HARTFORD, Conn. – It’s obviously important for America’s K-12 students to learn about slavery.
But isn’t is possible to teach kids about the horrors of the “peculiar institution” without forcing them to experience the horrors themselves?
Apparently seventh-graders at the Hartford Magnet Trinity College Academy have been going on annual field trips to a place called ”Nature’s Classroom” in Charlton, Massachusetts, according to a story posted on WFSB.com.
Part of the field trip involves students – many of them black – engaging in a slavery role-playing exercise titled “Underground Railroad.”
Steve and Sandra Baker are the parents of a daughter who participated in the program last year, and they’ve been lobbying school board members and school administrators to do something about it.
They weren’t happy with the response they received from school officials, so they have filed a complaint against the school district with the state Department of Education and various other agencies.
According to their daughter’s account, the children were forced to sit in a dark room, very close together, in the same manner that captured Africans were transported on ships across the Atlantic Ocean.
In the words of the Bakers’ daughter, “I was told by the instructor that we will have to go to the bathroom on each other, and some of us might throw up.”
During a play-acting scene in which the children were supposedly picking cotton, the girl said instructors “told me if I were to run they would whip me until I bled on the floor, and then either cut met my Achilles so I can’t run again or hang me.”

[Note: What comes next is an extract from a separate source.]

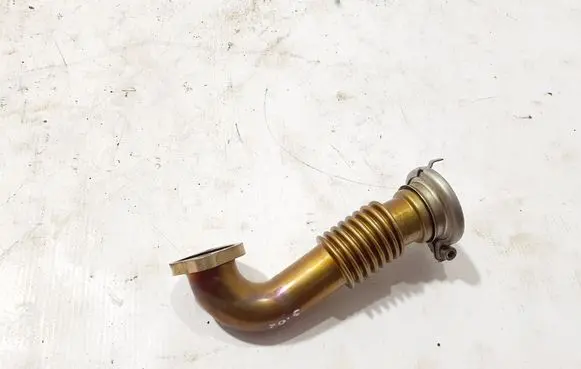 Brake vacuum hose/pipe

During another session, the student apparently heard instructors say, “Bring those (n word) over to the house over there. (N word) if you can read there’s a problem. Dumb, dark-skinned (n word). How dare you look at me?”
Students reportedly later said they had a mixture of feelings about the experience, including “uncomfortable with not being able to talk and lift up their heads,” “scary, too dark, hard to walk on the trails in the woods,” “uncomfortable with the yelling” and “did not feel it was a joke, did not know if the leaders were joking.”
In a presentation to the school board, Sandra Baker said that “even though it has been 10 months since my daughter shared what happened on this part of the trip, I still find it outrageous and irresponsible. I can’t comprehend how the principal and a group of teachers could allow our children to be intentionally demeaned. verbally abused and emotionally terrorized.
“As an African-American parent, I carefully consider how my children receive messages about racial identity, and I do this because all too often these images are not positive. There is no way I would have allowed our child to participate in this aspect of the field trip had we been given the choice.”
The Bakers are correct. It’s one thing to teach kids about an ugly part of American history. It’s quite another to verbally abuse children and put them in frightening and uncomfortable situations.
One of the reasons to detest the shameful period of American slavery (besides the obvious fact that no human should be owned by another human) is that the victims were often treated badly.
A great war was fought, and decades of struggle followed, to ensure that people would never be treated like this again. And yet it happens during a school field trip, supposedly as a “learning experience.”
As Sandra Baker put it, “The fact that they used the ‘n word.’ I mean, how dare you say that to my child and call it an educational experience. How dare you say that to any child.”